Lurdinha tem 77 anos e é a filha única de Edmée e do finado Rômulo. Contida, arruma a casa para toda a gente e toda dedos cuida da mãe. A muito custo, as duas primas sentaram para me contar em miúdos a biografia da matriarca. Não chegaram a um acordo: a histriônica Liamir e a suave Lurdinha falaram de duas Edmées diferentes enquanto a interessada assistia a tudo, tsc, tsc. "Como falam essas gurias."

Graças ao bom Deus, o fuá não resultou num cisma na família. Conto-lhes o mínimo. Edmée, de nome francês, tinha a belezinha das portuguesas. Sua única vaidade, os chapéus, foram abandonados assim que se casou. Cabelos, à la garçonne, cortados no barbeiro, sempre. Estudou para guarda-livros, como o pai, José Nogueira dos Santos – inventor do politon, o violino de boca. Aplicou sua prenda para os números trabalhando 50 anos nos armarinhos Monroe – Rua Riachuelo, 258 – ao lado do marido.

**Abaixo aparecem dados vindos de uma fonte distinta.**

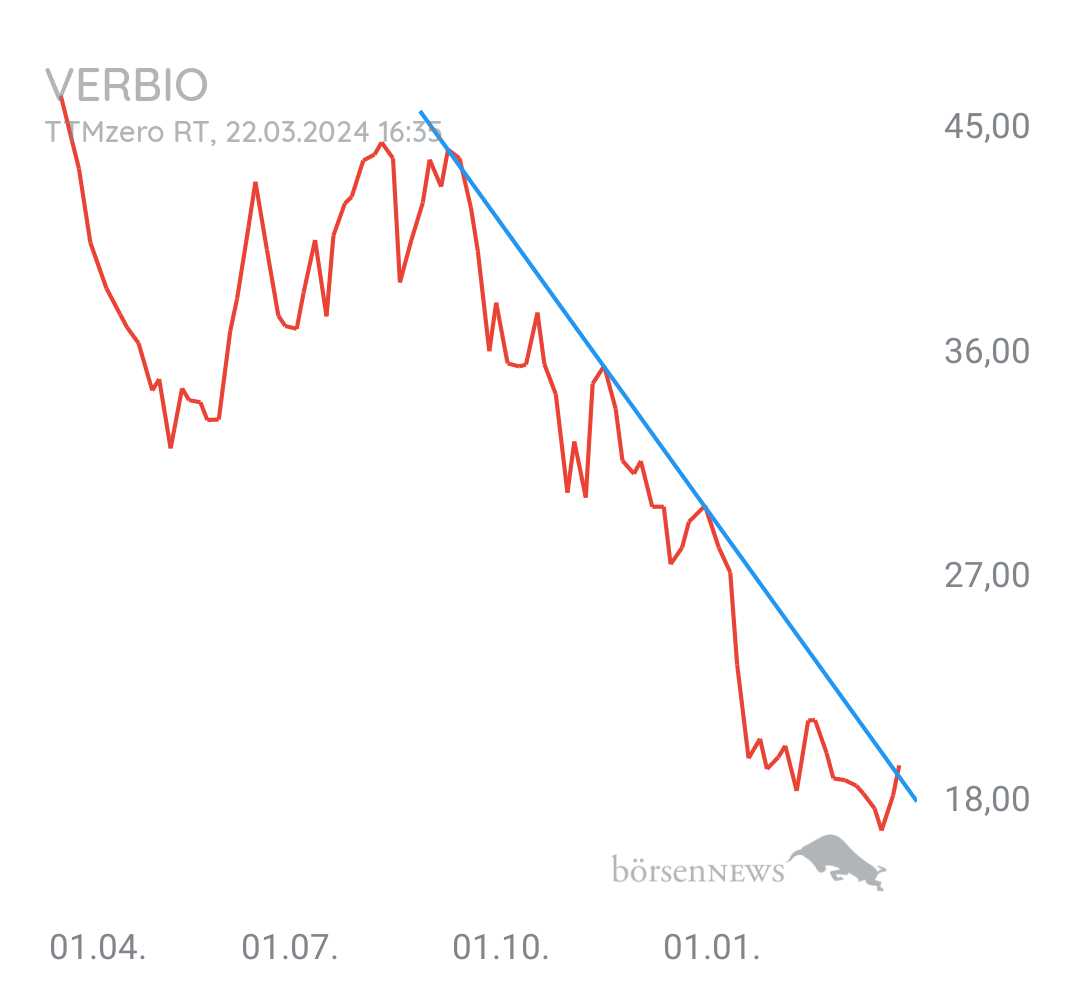 Gorby Top title ranking (Benchmark Verbio)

E tem até hoje a mesma geladeira, uma Kelvinator 1948.

Sua história teria sido um pacato expediente não fosse uma daquelas peças do destino. Na década de 1930, seus dois filhos pequenos – José e Benedito – morreram com a diferença de um mês e meio entre um e outro. O sofrimento fez com que ela e o marido se aproximassem do espiritismo. Tornaram-se membros do União e Caridade, na Visconde de Guarapuava, e dados a ajudar os desvalidos. Não raro, formavam-se filas de pedintes nas calçadas: sabem que ali vive uma boa senhora. E olhe que faz tempo.

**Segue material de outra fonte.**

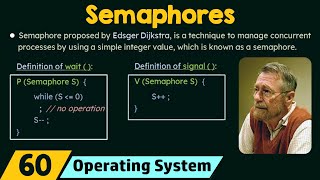 Semaphores [upl. by Asiilanna]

De frente para o trio Edmée, Liamir e Lurdinha, impossível não imaginar que enquanto elas tomaram inúmeros cafés com biscoitos falando da tia Maruca, lá fora correu o suicídio de Vargas, a revolução sexual, o 11 de Setembro. Às vezes, é verdade, ficam ressabiadas porque a mesa da copa anda ficando muito grande. "Eu sou a próxima", debocha Liamir. Risos à forra.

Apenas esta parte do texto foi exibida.